As to my literary work, I will say only that it had its beginning on those moonless white nights. For a long time my strict Ukrainian muse, distorted by experiences in school, in the ante-chambers of manors and in various city quarters, kept away from me. However, when the breath of freedom returned to my senses the purity of my childhood passed under the roof of my father's poor home, the blessed Ukrainian muse came and embraced me in a foreign land. From my first poor experiments written in the Summer Garden only one ballad, "Prychyna," was published. When and how I wrote my later poems, I would rather not discuss now.
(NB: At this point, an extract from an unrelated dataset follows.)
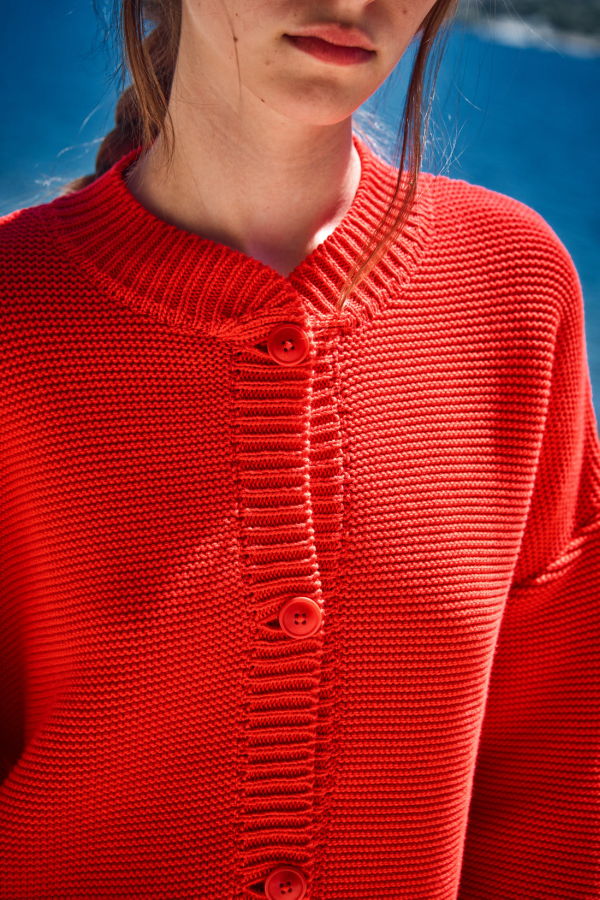 L'ENVERS Estelle Teddy Jacket in Organic Cotton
I must confess that this short story of my life cost me more than I would have expected. How many years wasted, one after another! And what have I, through all my efforts, redeemed from destiny? I have survived, that is, preserved my bare life and, with that, this dreadful insight into my past. It is dreadful, all the more dreadful for me, as my own brothers and sisters - I was not strong enough to mention this in my story - have remained sers to the present day.
1860, February 18.
This short Autobiography of the great Ukrainian poet Taras Shevchenko, written but a year before his death on March 10, 1861, is of special interest because it is his only autobiography. One other autobiographical work is his novel The Artist a fictionalized account of his own life. Of interest in the version we have reprinted (the one which was printed in 1860) is the complete omission of the ten years, 1847-1857 when he was exiled to Asia. Apparently the Russian censor prevented mention of this in print.
By profession Shevchenko was an artist. His essay clearly indicates his deep interest in art and his burning desire as a child to become an artist. His fame as a poet has surpassed his fame as an artist but to understand his life both careers must be studied.
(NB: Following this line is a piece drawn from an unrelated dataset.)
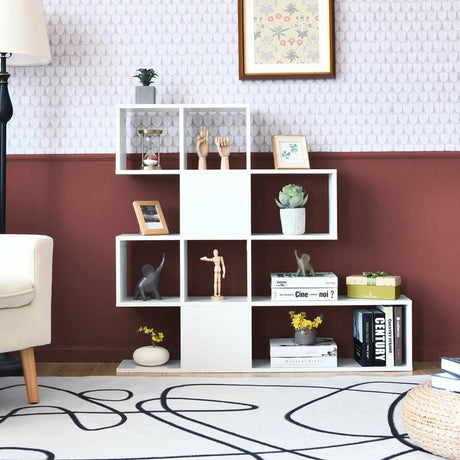 5-Tier Ladder Style Bookshelf for Books & Collections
This essay may be found in the original Russian version as Document No. 11 3, in the book Taras Shevchenko: dokumenty i materialy, 1814-1963. Edited by S. D. Pil'kevich, Kiev 1963, pages 93-98. It was originally sent to the editor of the journal Narodnoye Chteniye (Petersburg) and published in Book 2, 1860, pages 229-236. We have omitted a few minor words.
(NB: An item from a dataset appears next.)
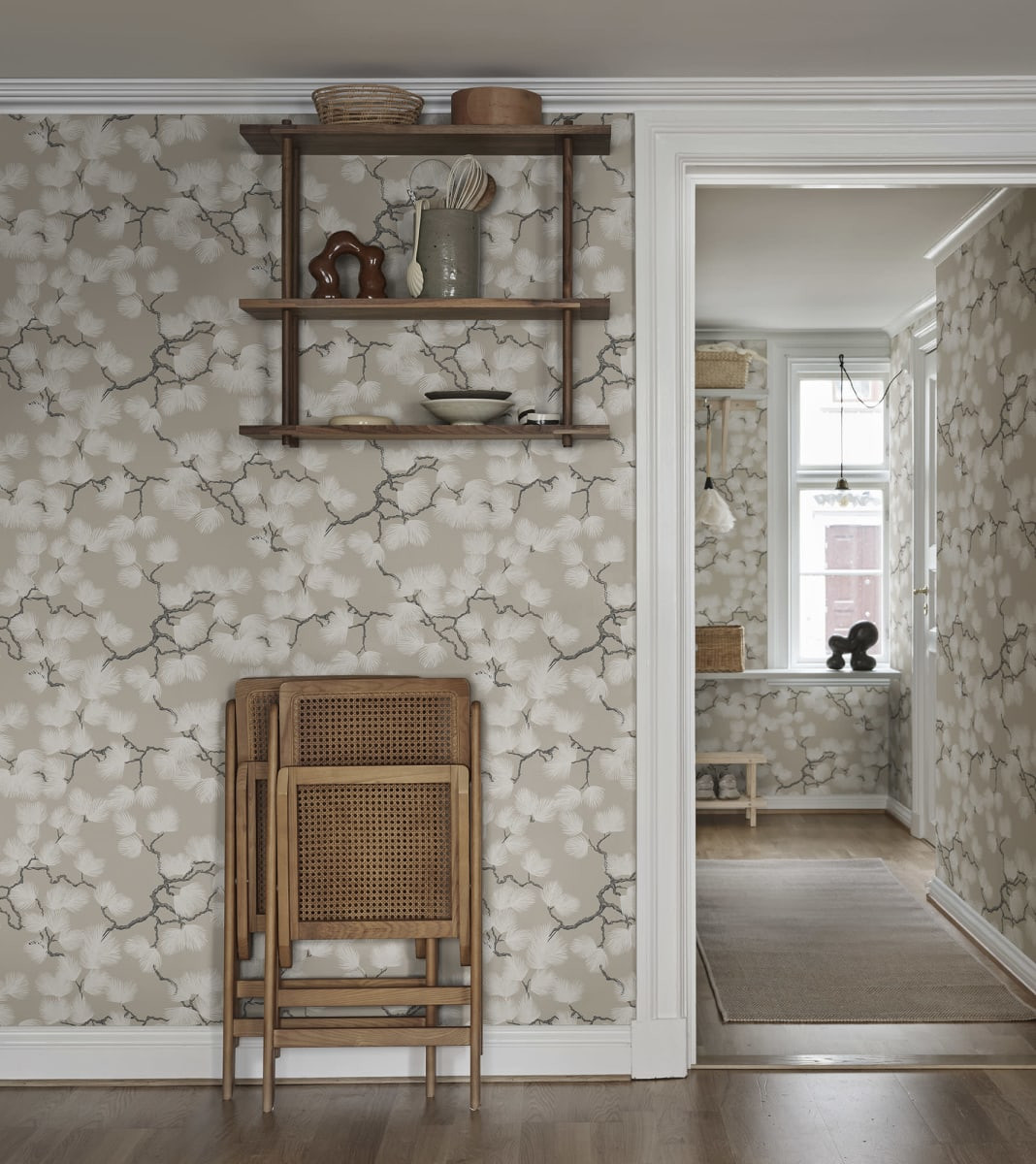 Tapet lavabil, Pine, Beige, Sandberg, 5.3mp / rola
A different English language version, based on the manuscript, may be found in: Taras Shevchenko: Selections, translated by John Weir, Toronto 1961, pages 137-142. The major difference between the two is in the concluding passages. For comparison we reprint here the manuscript version translated by John Weir:
"In 1844 he was awarded the title of Master of Fine Arts and in 1847 he was arrested along with Kostomarov, Kulish and many others on the basis of information by a certain Petrov, a student of Kiev University. They were sent to various fortresses without trial or examination, and on May 30th of that same year T. H. Shevchenko was transported from the casemate of the Third Department (Tsarist secret police - Ed.) to the Orsk fortress and later to the Novopetrovsk fortifications with the most strict prohibition to write and to paint.
"On August 22nd, 1858, due to intercession by Countess Anastasia Ivanova Tolstoy, he was freed from Novopetrovsk fortress. And thanks to her solicitations he was by the highest clemency permitted to exist in the capital under police surveillance and occupy himself with his art.
"In the summer of 1859, after a lengthy and painful separation, he saw his lovely homeland, his serf brothers and sister, and in the autumn returned safely to the Academy of Arts where, thanks to the people at the head of the Academy, he devotes himself to aquatint and aquafort (engraving, Ed.) with the passion of a true artist.
After a lengthy delay, which lasted two years, the Chief Censorship Committee has permitted him to publish only such of his works as had been printed prior to 1847, striking out dozens of pages from them (that's progress!)."